Hak atas keterpeliharaan harta (al-huqūq al-māl) yaitu hak terpeliharanya harta milik pekerja, pekerjaan yang diberikan tidak boleh mengganggu keuangan pekerja, pekerjaan harus dapat menjamin kesejahteraan pekerja, etc.,

Hak atas keterpeliharaan keseimbangan lingkungan hidup (al-huqūq al-hifzh al-biah) yaitu proses produksi tidak boleh menimbulkan dampak dan permasahan lingkungan hidup seperti polusi dan pencemaran, kegiatan produksi tidak boleh menimbulkan kerusakan alam atau dampak katastrofik akibat kesalahan prosedur kegiatan produksi, etc.,

Hak atas keterpeliharaan martabat dan nama baik pekerja (hifzh al-‘irdl wal maruah) yaitu terpeliharanya martabat dan nama baik pekerja dari diskriminasi dan penghinaan lingkungan kerja.

Prinsip lainnya yang mendasari hubungan ketenagakerjaan yaitu prinsip taṣarrufat al-‘adliyah, dimana pelibatan tenaga kerja dalam proses produksi tidak boleh merugikan atau menzhalimi baik pihak tenaga kerja maupun pihak penguasa yang memberi kerja.

Hak-hak tenaga kerja seperti telah disebutkan sepatutnya dapat dipenuhi oleh pengusaha, begitu pula tidak boleh merugikan atau menzhalimi pemberi kerja atau pengusaha yang dapat membebani biaya produksi sehingga kegiatan produksi sulit berjalan disebabkan tingkat keuntungan yang dihasilkan tidak dapat menutupi biaya-biaya produksi dan biaya modal agregat yang ditimbulkan.
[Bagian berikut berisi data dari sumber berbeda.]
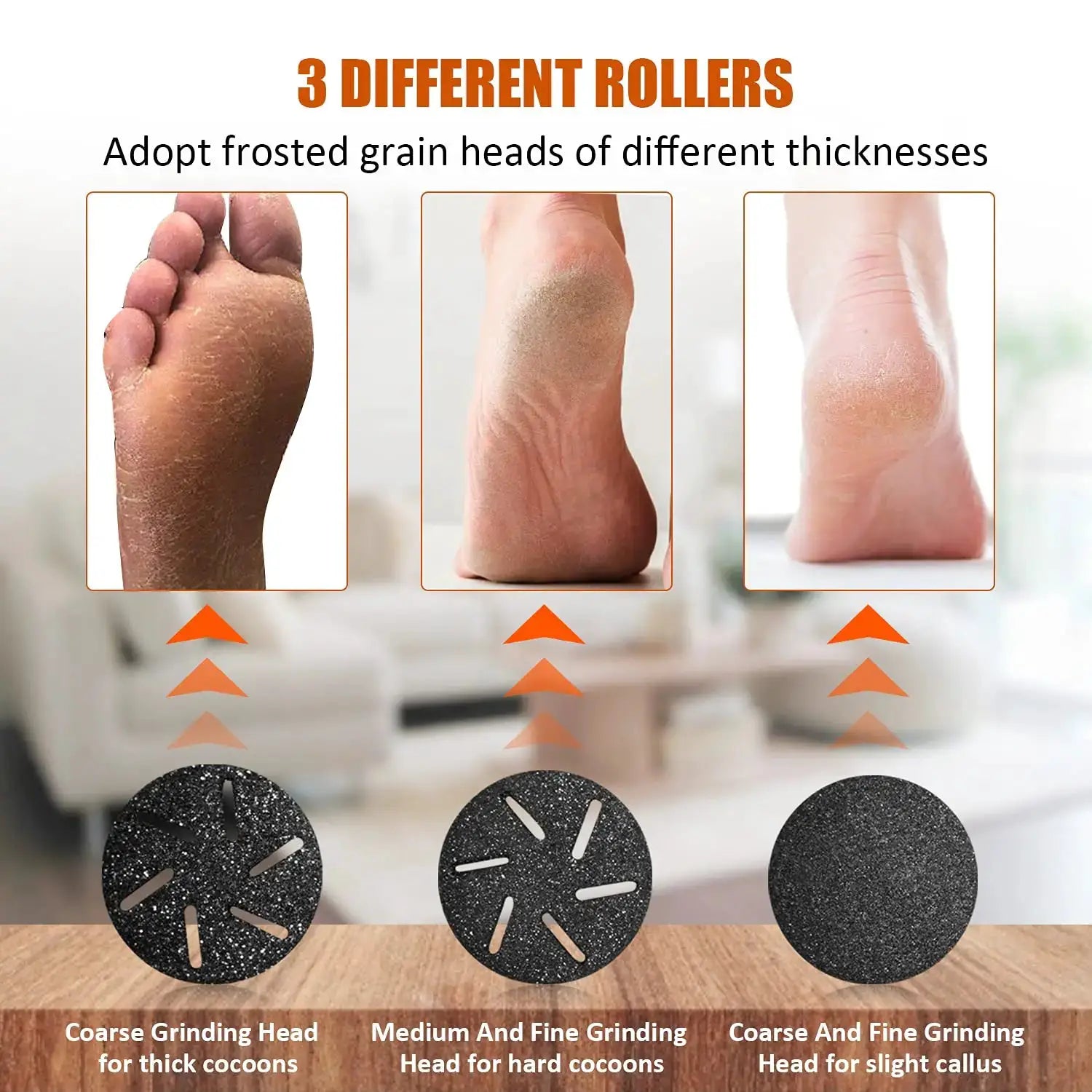 Foot Care Tool Heads | Coarse Rollers | PriceLows™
Untuk mencegah konflik antara pihak tenaga kerja yang diwakili oleh serikat buruh dan pengusaha atau pemberi kerja, pemerintah sepatutnya dapat membentuk hubungan triparti dalam menjembatani kepentingan dan pendapat masing-masing pihak.
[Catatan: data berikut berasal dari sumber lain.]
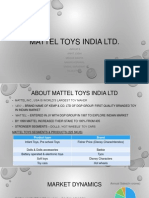 Mattel Toys India LTD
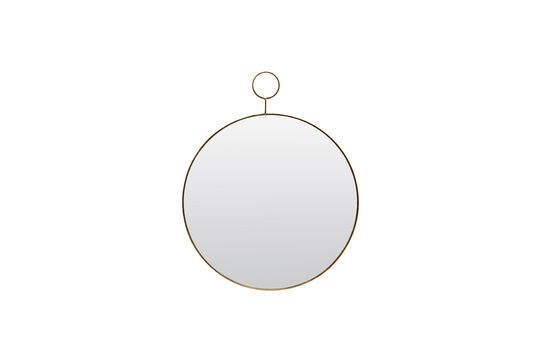 Grote messing spiegel The Loop Productfoto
Pemerintah harus berdiri di tengah dengan adil untuk mencegah mudarat dan kezhaliman terhadap pihak tenaga kerja maupun pengusaha, memediasi apabila terdapat perselisihan dan sengketa ketenagakerjaan, serta mengelola kebijakan hubungan ketenagakerjaan yang berkedilan dan berkemaslahatan bagi seluruh pihak.